What to do
Transcribe exactly the entries from the "18 см Аниме" line to the end, both included, minus pictures.

Source material
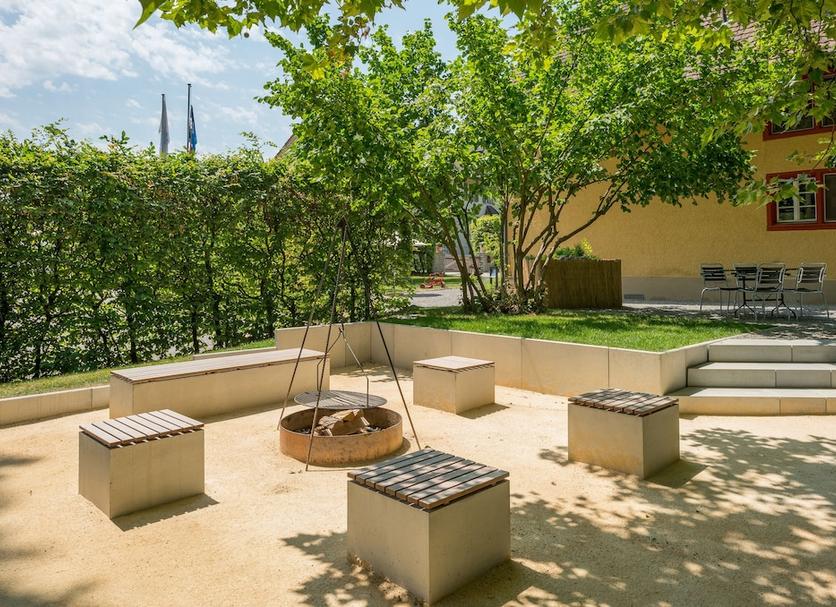 Patio Foto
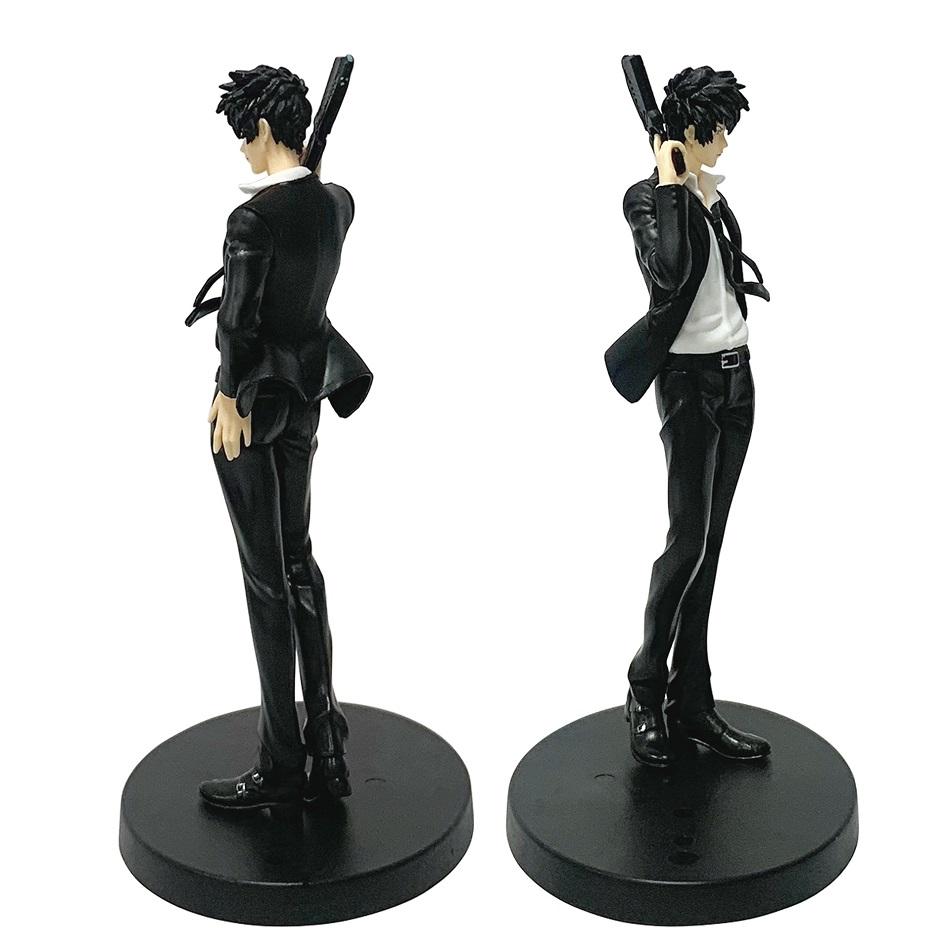 18 см Аниме PSYCHO-PASS Фигурки Аниме Когами Синъя Макисима Сёго ПВХ Фигурки Действия Фигурка Аниме Мультяшная Модель Игрушка Подарок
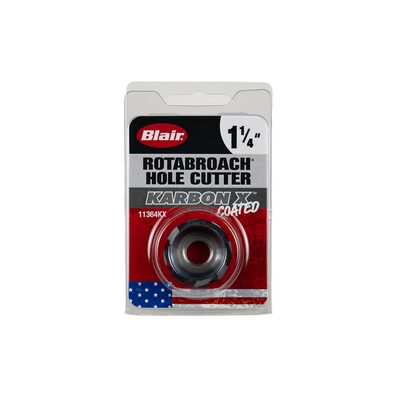 Blair 1-1/4" Karbon X Rotabroach Cutter (11364KX)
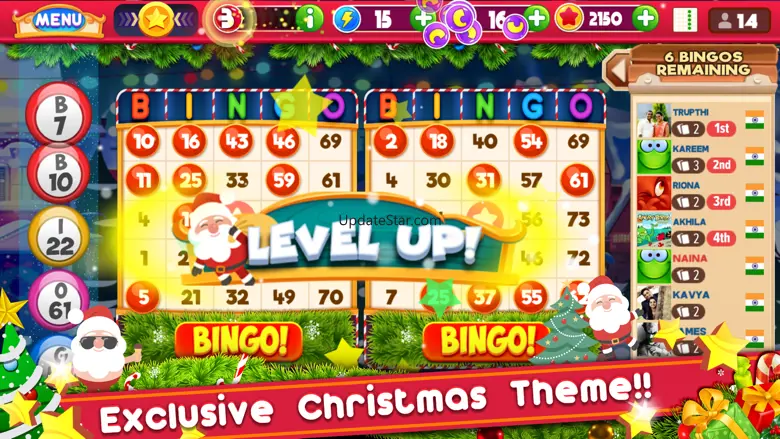 Bingo Christmas: Holiday Bingo 1.0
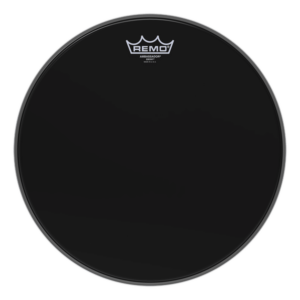 Remo Ebony Amb. BD Head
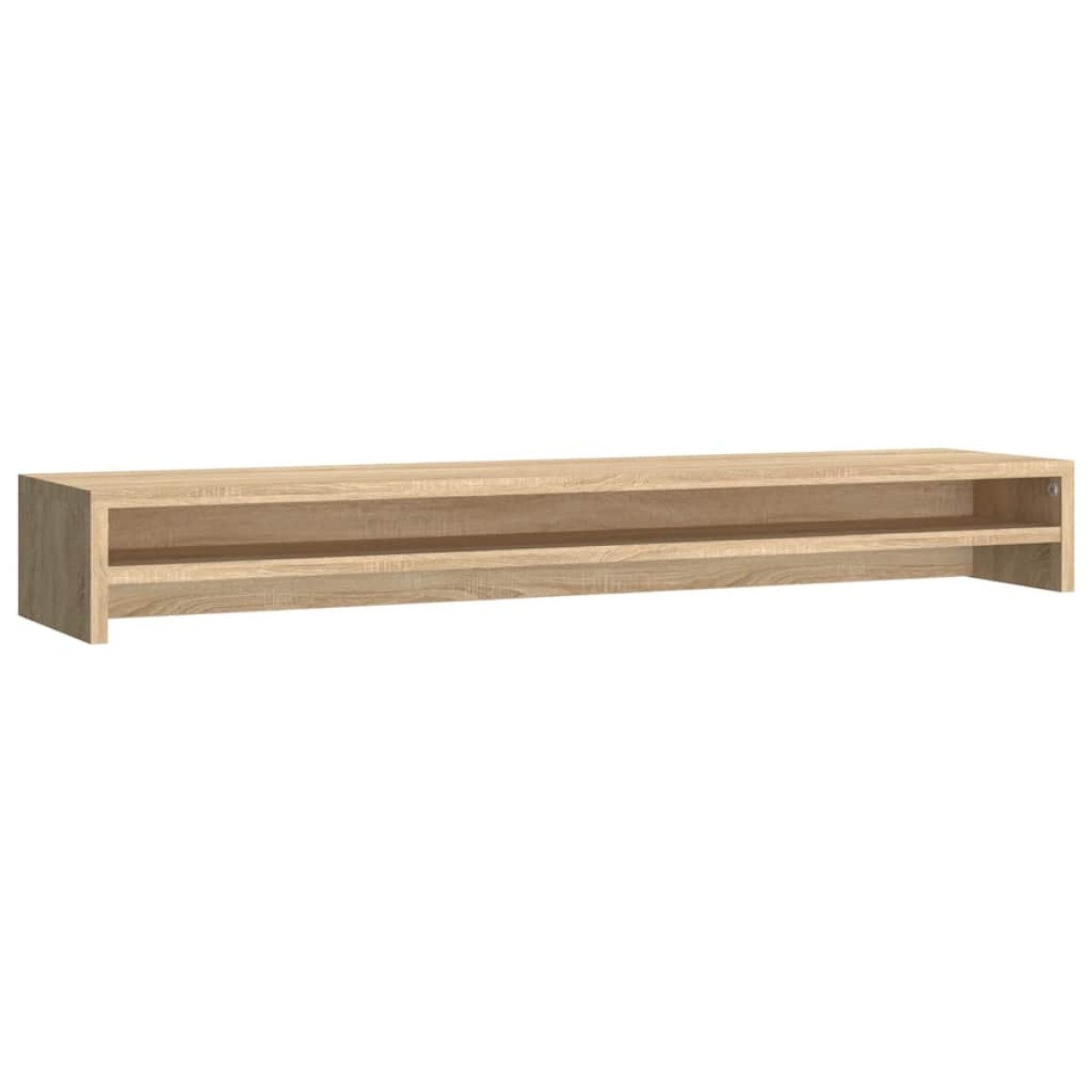 vidaXL Βάση Οθονών Sonoma Δρυς 100 x 24 x 13 εκ. από Μοριοσανίδα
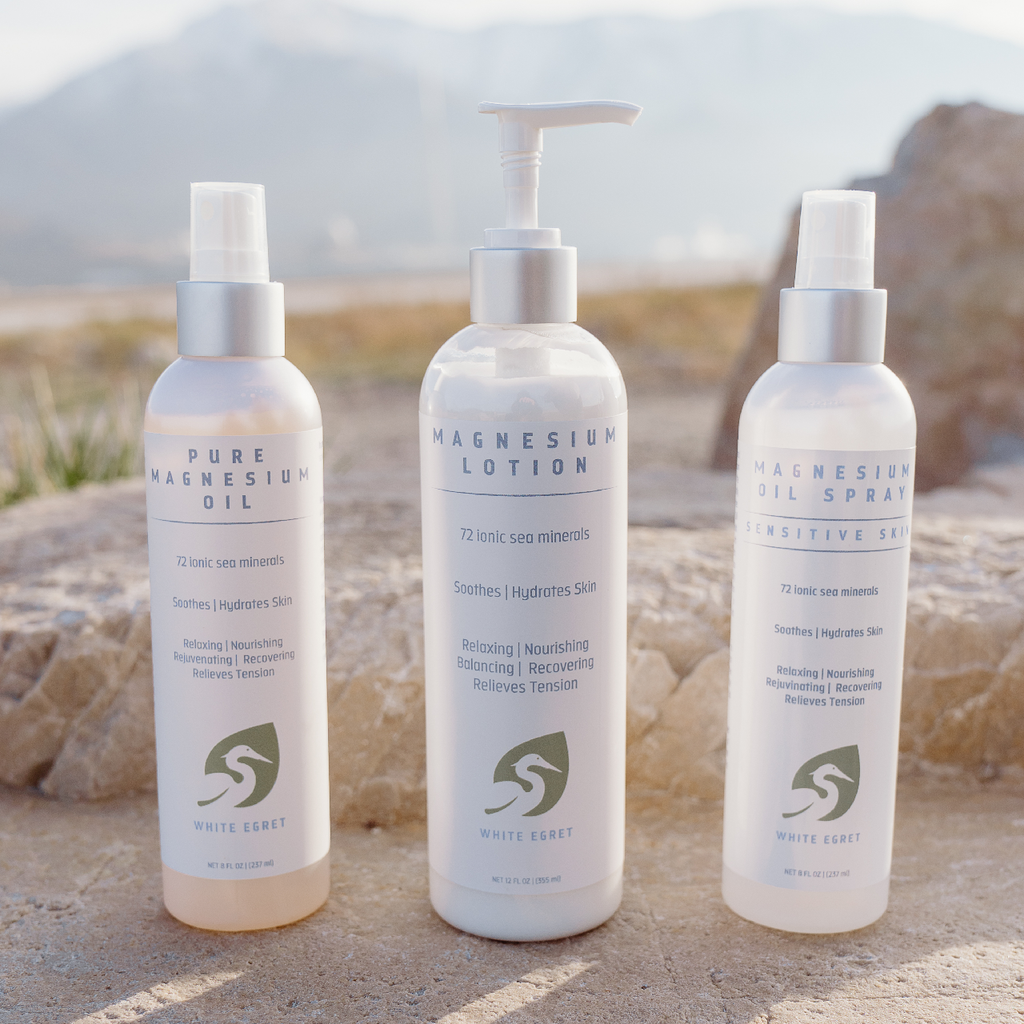 Magnesium Spray - Sensitive Skin Topical Magnesium Oil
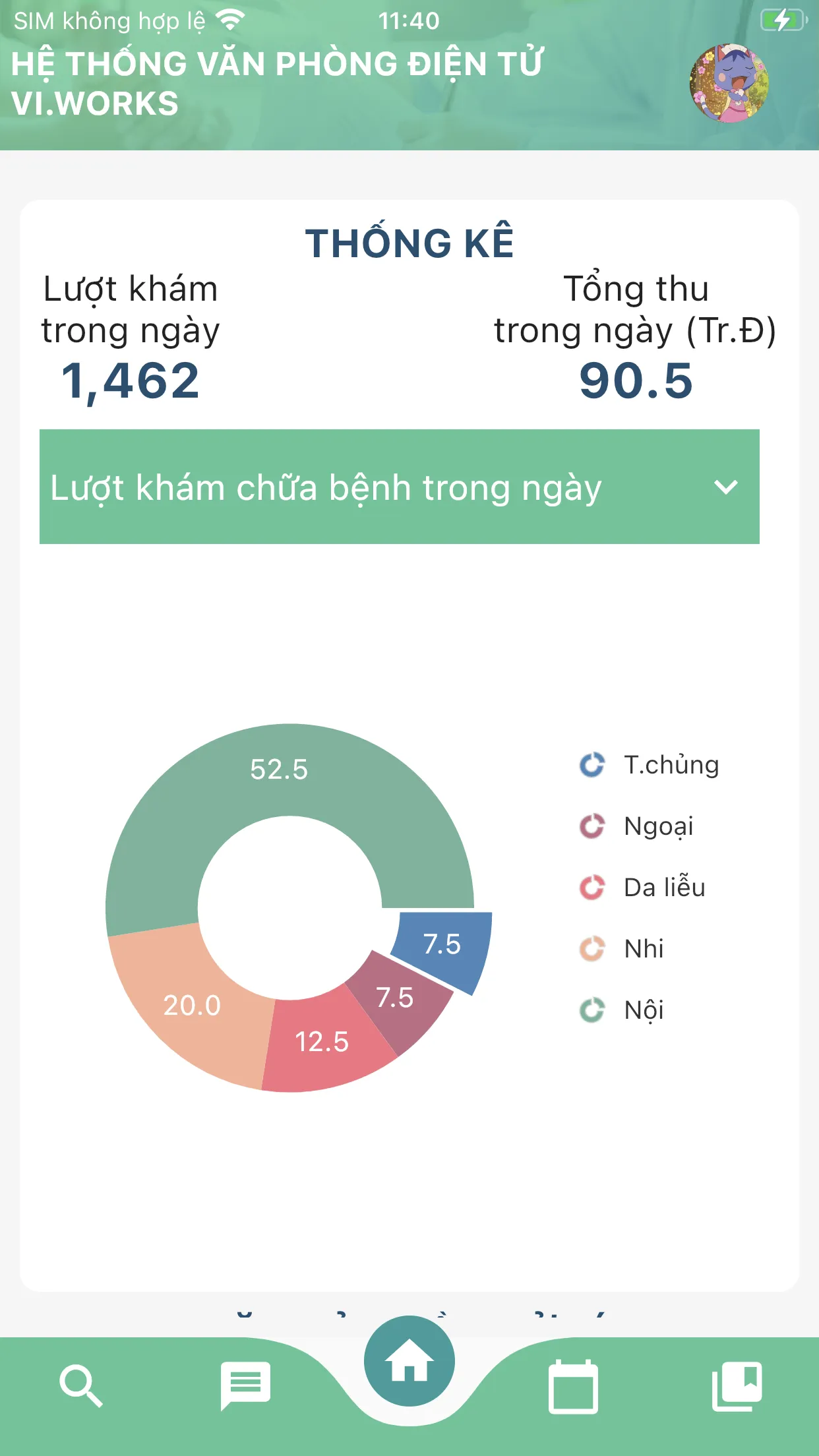 Vi.Work | Indus Appstore | Screenshot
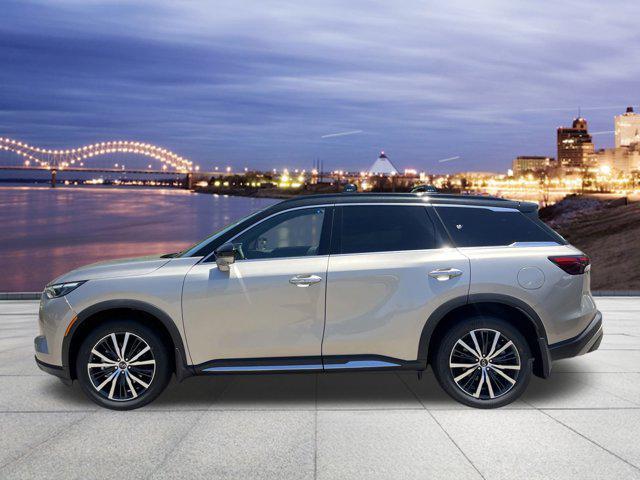 new 2025 INFINITI QX60 car, priced at $68,550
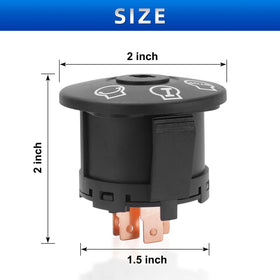AUTOBABA packaged ignition switch ready for installation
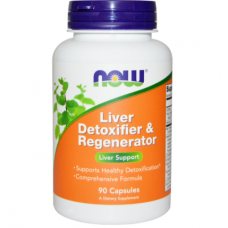 Ливер Детокс (Liver Detoxifier & Regenerator), 90 капс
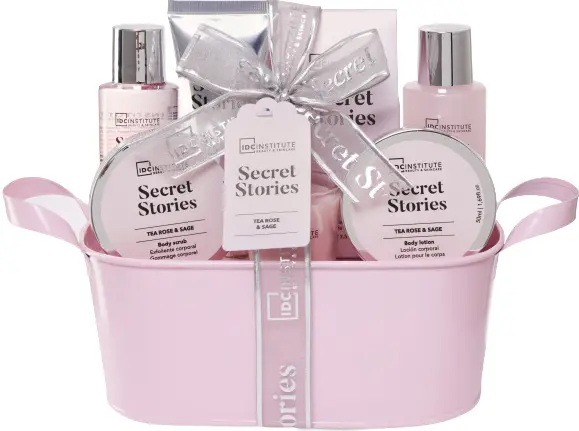 IDC Institute Set cadou Secret Stories, 8 piese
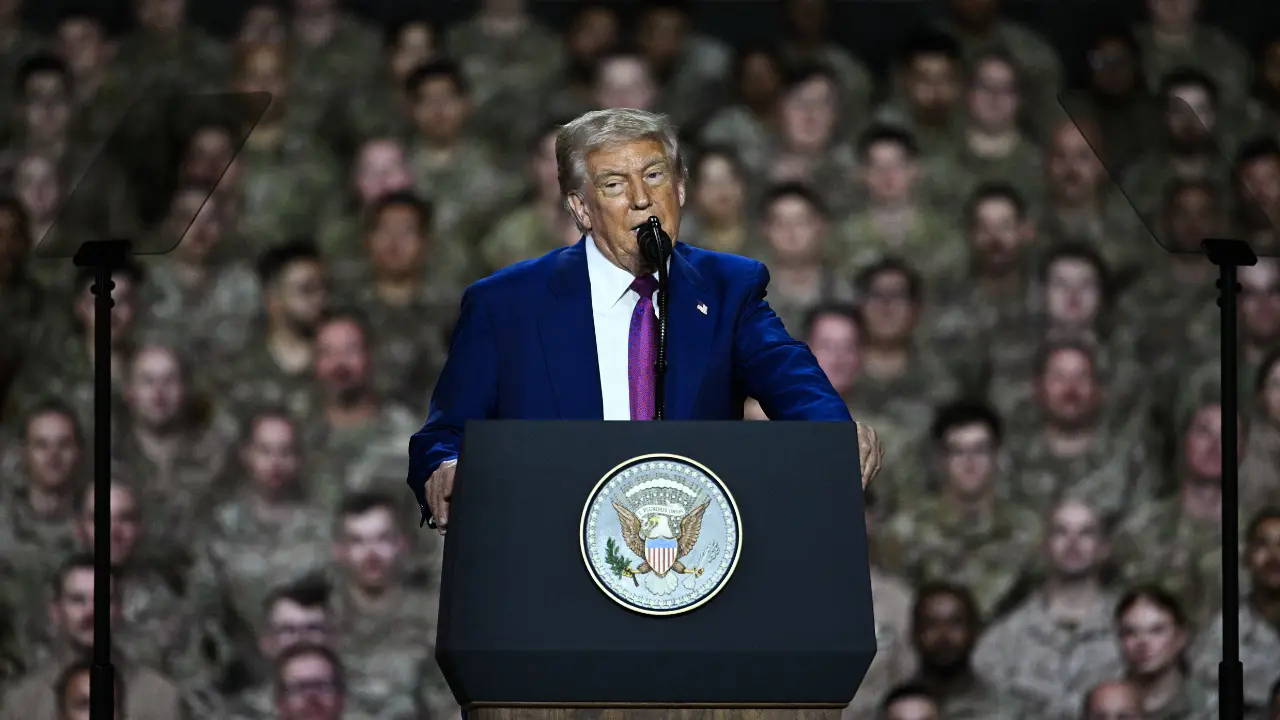 'You know who occupies it, CHINA': Trump stresses US will keep Bagram Airbase in Afghanistan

Answer to this problem
 18 см Аниме PSYCHO-PASS Фигурки Аниме Когами Синъя Макисима Сёго ПВХ Фигурки Действия Фигурка Аниме Мультяшная Модель Игрушка Подарок
 Blair 1-1/4" Karbon X Rotabroach Cutter (11364KX)
 Bingo Christmas: Holiday Bingo 1.0
 Remo Ebony Amb. BD Head
 vidaXL Βάση Οθονών Sonoma Δρυς 100 x 24 x 13 εκ. από Μοριοσανίδα
 Magnesium Spray - Sensitive Skin Topical Magnesium Oil
 Vi.Work | Indus Appstore | Screenshot
 new 2025 INFINITI QX60 car, priced at $68,550
AUTOBABA packaged ignition switch ready for installation
 Ливер Детокс (Liver Detoxifier & Regenerator), 90 капс
 IDC Institute Set cadou Secret Stories, 8 piese
 'You know who occupies it, CHINA': Trump stresses US will keep Bagram Airbase in Afghanistan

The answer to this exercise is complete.